Crise financière : l'onde de choc


Les mauvaises nouvelles économiques se succèdent les unes après les autres et les sautes d'humeurs des marchés financiers (hier 24-11-2008 la bourse de Paris a enregistré une hause historique de 10%) n'y changeront rien. Le chômage augmente; l'immobilier subit de plein fouet le dégonflement brutal de la bulle immobilière et la crise du crédit, qui a atteint son paroxysme au début du mois de novembre 2008. Les mises en chantier diminuent considérablement, les prix baissent; tous les secteurs de l'économie, le secteur de l'industrie automobile ou du celui du tourisme par exemple, sont touchés.

L'onde de choc de la crise financière, suivie d'une congestion complète du crédit est en train de se repandre dans l'économie réelle. Ce n'est qu'un début.

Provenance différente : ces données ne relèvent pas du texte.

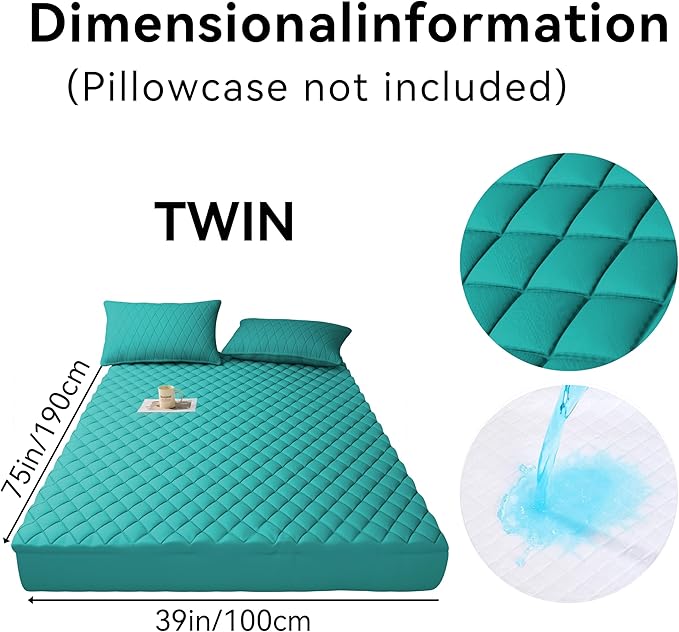 WESLEEPER Mattress Protector Waterproof Mattress Protector Mattress Bed Cover Super Soft Breathable Machine Washable Cover for Home, Bedroom, Hotel (Green, Twin)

On peut s'attendre à une aggravation de la situation au moins dans les trois mois à venir. La brutalité de l'impact est impressionnante.


Les politiques de baisse des taux d'intérêt et de relance des économies sont les seules possibilités


Les gouvernements ont entrepris (Etats-Unis) ou vont entreprendre d'ici peu (France) des politiques de relance de l'économie (soutien de la consommation et des entreprises). A ces mesures se joignent des baisses quasiment généralisées, à l'échelle mondiale, des taux d'intérêt qui ont suivi le sauvetage du système fiancier mondial d'une complète faillite (Plan Paulson aux Etats-Unis et Plan de l'Eurogroupe pour la zone Euro).

Les gouvernements ont deux alternatives : le laisser faire à la manière de 1929 ou l'action, c'est-à-dire une politique Keynésienne. Il semble que les gouvernements ont choisi l'action. C'est en Angleterre, partrie de Keynes, qui est particulièrement affectée par la crise financière, que se trouve aujourd'hui le gouvernement le plus audacieux et le plus imaginatif. C'est le gouvernement de Gordon Brown.